After appearing in the second season of Luke Cage, Dawson explained that she was reluctant to continue making appearances in the many series due to having to travel away from her family when working on the New York sets. She did think that she would return to Luke Cage if it was renewed for further seasons, and again expressed interest in appearing in The Punisher at some point moving forward "just so I can feel like I've done every show". Dawson later revealed that she had asked Luke Cage showrunner Cheo Hodari Coker whether she could contribute to the writing of Temple's last scene in the season; she considered the scene to be the culmination of three years of work for her, and felt that it had initially been written too much from the perspective of Cage, whom Temple has a fight with in the scene that ends their relationship. Dawson praised Coker for allowing her to push the scene to feature more of an equal balance between the characters, and Coker praised the work she did on this.

== Characterization ==
Dawson said in April 2015, "she's someone who also throws herself into the fray and had made it her life mission to help, even if that means risking her own life ... My character is a stand-in for the audience.
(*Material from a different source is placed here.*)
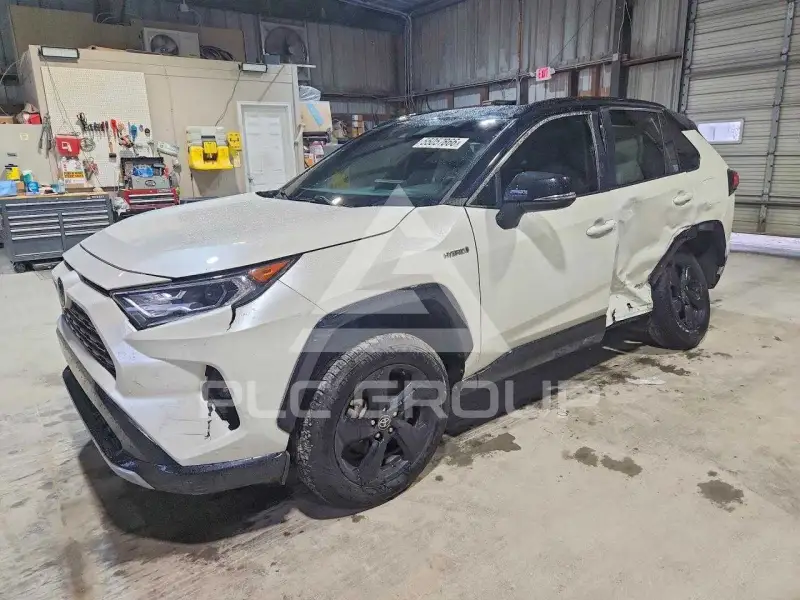 2021 Toyota RAV4 фото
She's not a love interest—she's this skeptical eye looking at this strange situation." On the relationship between Temple and Murdock in Daredevil, Dawson said, "The show explores how necessary it is for two people to finally have their masks off with each other. For Matt Murdock, this is the first person he has that's going to be able to see that transition for him ... But she gets confronted with the question: How far will you go? What does it mean if you're helping someone who is maybe going to hurt other people?"

Dawson felt that the character resonated with audiences, and was brought back for more series, because, "She's funny, she's wry, she's strong—she's built for that world, because she's great under pressure. She's someone—hero or not—you'd want to have in a dire situation... I really just liked her arc all the way through." After the character is shown using fighting in Daredevil, Dawson explained, "her eyes have been opened up to this other world—and she's crossed the line. You know, this is someone who helps people, and she's been violent now but seeing the need for it. I think there's a lot that she's having to grapple with". Discussing Temple's relationship with Cage in Luke Cage, Mike Colter said that "she will deal with me in a different way than she dealt with Matt Murdock. Matt Murdock's character's completely different from mine. Because she plays a nurse that basically seems to be in the right place at the right time, and she's very good at helping out superheroes who are in need ... I think she's going to be a very good companion for Luke. I think she's someone that Luke needs in his life at this time."

== Reception ==
Dawson was nominated for Outstanding Supporting Actress, Drama Series for Luke Cage at the 2017 Black Reel TV Awards and for Outstanding Supporting Actress, TV Movie or Limited Series for The Defenders at the 2018 Black Reel Awards.